It's both.
Auto margins are rather small. Software margins are huge.
Anybody can make a car, but the overhead is massive. It's a very tough business.
If only Tesla has the software for Ford's robotaxis, then Tesla gets most of the profits. Only Tesla can make Ford's robotaxi viable.
Even if robotaxi never happens and Tesla is just licensing FSD to Ford, Tesla will still get most of the profit from every car Ford sells. Even if the license cost is only, say, $8K, that's a lot more than Ford makes per car and it's almost 100% profit for Tesla.
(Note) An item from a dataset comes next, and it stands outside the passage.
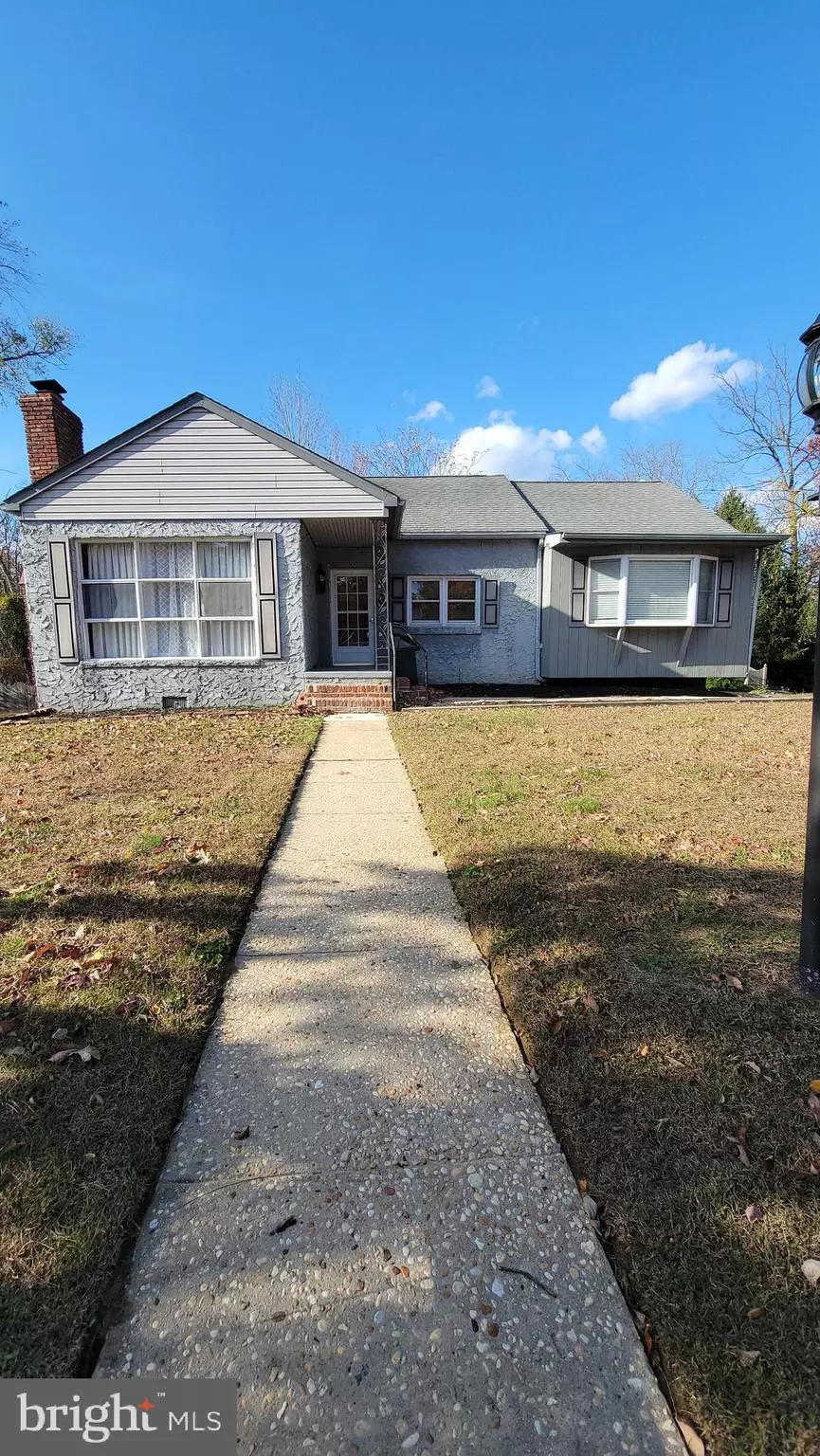 Woodbury, NJ 08096,569 LAKESIDE AVE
Will customers pay an extra $8K for a car that drives itself? I think they will. The cost of an EV is going to come down by more than that in the next few years. And nobody will want a car that you have to drive manually.
Like I said earlier today, this is why selling Windows was a much more profitable business than selling the PCs that Windows runs on. The value is in the software, not the hardware.
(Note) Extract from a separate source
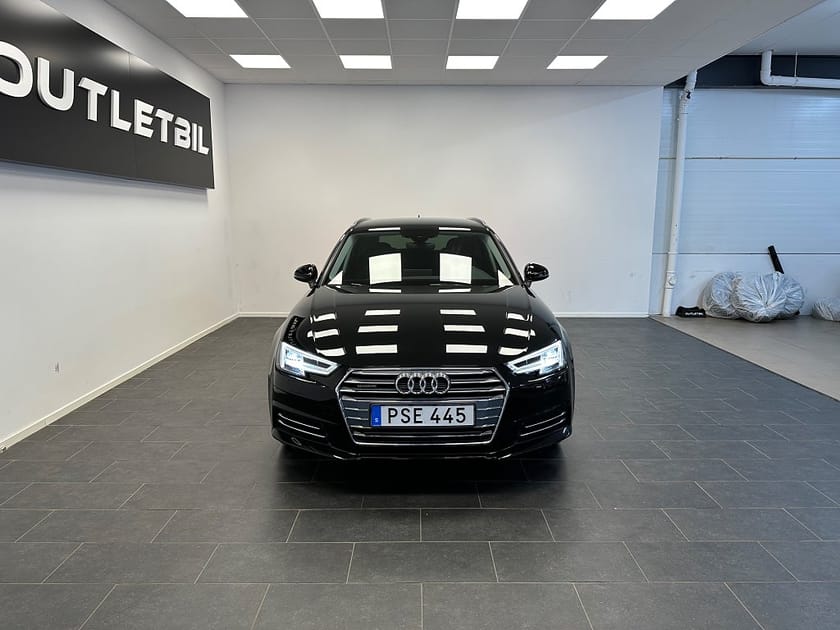 Bild 4 av Audi A4 Avant TDI quattro S Tronic Proline Nav Värmare Drag Cockpit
But wouldn't that price Tesla out of it entirely? If Tesla is charging so much per vehicle for an OEM to license FSD then why would the OEM bother in the first place? Tesla's pricing has to be fair and equitable or no one will take them up on licensing at all. The OEM's need to make profit to survive as well.
Remember Tesla's mission is not to make the most profits possible, it's to transition the world to EV's and sustainable living. Look at how Tesla is folding the OEM's into Supercharging, it isn't super lucrative for Tesla at all, they are going easy on the OEM's without punishing them financially. It would stand to reason FSD licensing will follow the same pattern simply because Tesla likely won't be greedy with it.
Or do most people really think Tesla will fleece the OEM's for huge profits?